Andrew Apold mordru at FLITE.NET
Fri May 5 00:09:53 EDT 2000


>Fortunately for Micro$oft, they've managed to develop a business
>strategy in which they are able to sell bug fixes as "product
>upgrades."  Pay us $99 and we'll fix all the shoddy stuff we sold you
>last time.  Heheh.  Nice work if you can get it, and proof that the old
>adage of "there's a sucker born every minute" still rings true.  I'd say
>Micro$oft marketing, not their software, is "pretty damn good."

Some things are self-fulfilling.  Create something that all the "morons"
can use, and guess what, the "morons" will mess it up.  If you had a
system that required some intelligence to operate, then those most likely
to screw it up wouldn't be using them.  Thus they are more reliable.
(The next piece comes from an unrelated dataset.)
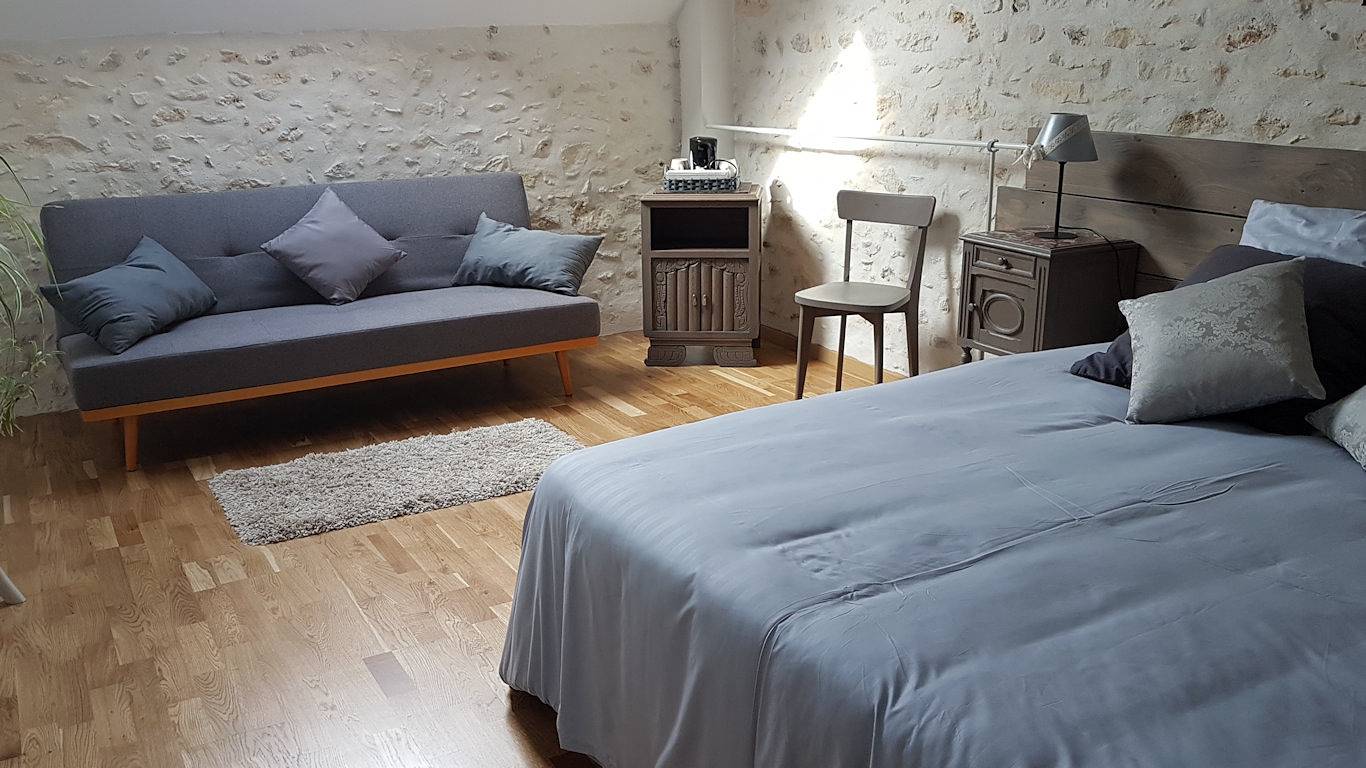 Le Pré de la Rue - Chambre Bonheur in Bouesse, Région de Châteauroux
Give in.  I was an Amiga developer.  The stuff mac users have been saying
to themselves these last 4-5 years, we said them, too.  It doesn't matter.
Develop for the largest market.

>Fortunately, I do not use M$ "products" on a regular basis.  A friend
>that does is always cursing at her system, which usually crashes several
>times a day.  On an unrelated note, the system I use on a daily basis
>(gromit) is about to pass the 140 days uptime mark (despite constant use
>as a FTP server when I'm not using it).  The last time it went down was
>actually due to flaky power in our lab (power interruption during a bad

BTW, You'd be surprised to know how bad the power in some major metropolitan
areas can actually be.  If you have critical stuff, get a UPS and get
clean power.  It's probably not the spikes so much as the mild low
semi-brownouts that hurt the most often.

>storm).  Similarly, a server for a project I'm involved with (and which
>also hosts several other projects) passed the 200 day uptime mark; the
>last time that machine went down was due to a hardware failure (hard
>disc + mainboard failure).  Both are Unix systems.  The M$-Windoze NT
>systems in our lab (ostensibly the more "reliable" M$ platform) rarely
>manage more than about 1 week of uptime between software-induced
>crashes.

>I have no objection to people using Micro$oft products, but, please,
>let's try and see it for what it is.  (And "pretty good" it ain't...:)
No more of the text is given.